3. “Good Reason TerminationDefinition. For the purposes of the Plan and the Participation Agreement, “Good Reason Termination” means: your resignation within thirty (30) days following the expiration of any Company cure period (discussed below) following the occurrence of one or more of the following, without your consent: (a) a material reduction in Monthly Base Salary, excluding the substitution of substantially equivalent compensation and benefits, that is not generally applicable to all Company senior management or employees of the Company generally; (b) a material reduction of your authority, duties or responsibilities, unless you are provided with a comparable position; provided, however, that a reduction in authority, duties, or responsibilities solely by virtue of the Company being acquired and made part of a larger entity within as a subsidiary, business unit or otherwise (as, for example, when the Chief Executive Officer of the Company remains as such following an acquisition where the Company becomes a wholly owned subsidiary of the acquirer, but is not made the Chief Executive Officer of the acquiring corporation) will not constitute “Good Reason”; or (c) a material change in the geographic location of your primary work facility or location; provided, that a relocation of fifty (50) miles or less from your then present location or to your home as your primary work location


will not be considered a material change in geographic location. In order for an event to qualify as Good Reason, you must not terminate employment with the Company without first providing the Company with written notice of the acts or omissions constituting the grounds for “Good Reason” within ninety (90) days of the initial existence of the grounds for “Good Reason” and a reasonable cure period of not less than thirty (30) days following the date of such notice, and such grounds must not have been cured during such time.

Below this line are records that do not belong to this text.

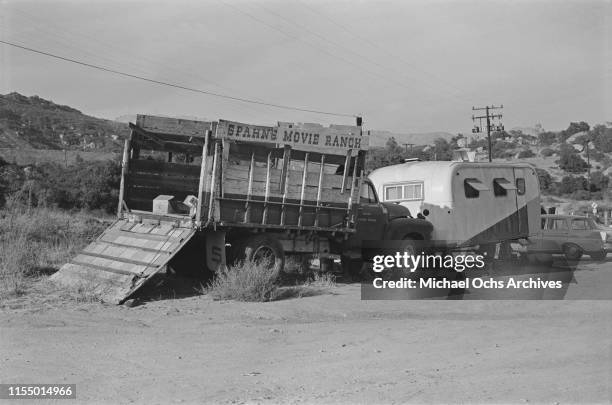 An abandoned truck at the Spahn Movie Ranch, owned by American rancher George Spahn and residence of the Manson Family, Los Angeles County,...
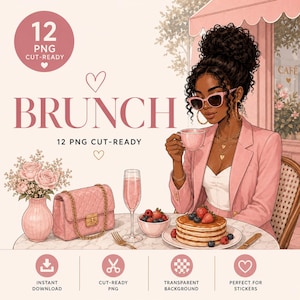 May include: A digital illustration featuring a person with dark curly hair wearing a pink blazer and sunglasses, holding a pink teacup. The scene includes a stack of pancakes with berries, a pink quilted handbag, a vase of roses, and a champagne flute.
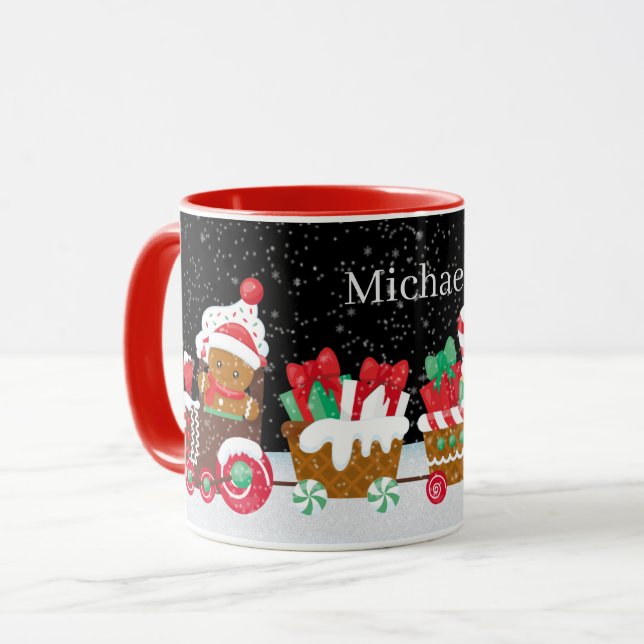 Mug fête Noël pain d'épices train ajouter nom (Devant gauche)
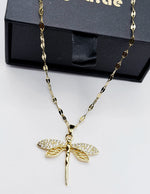 18K gold plated crystal dragonfly pendant necklace.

4. “Non-CIC Severance PeriodDefinition. For the purposes of the Plan and this Participation Agreement, “Non-CIC Severance Period” means the period of time commencing immediately after the termination of your employment with the Employer through the date that is [Add CEO and any others as determined by Administrator: eighteen (18) months following such termination date.] [Add for C-Suite-level and any others as determined by Administrator: twelve (12) months following such termination date.] [Add for SVP-level and any others as determined by Administrator: nine (9) months following such termination date.] [Add for VP-level and any others as determined by Administrator: six (6) months following such termination date.]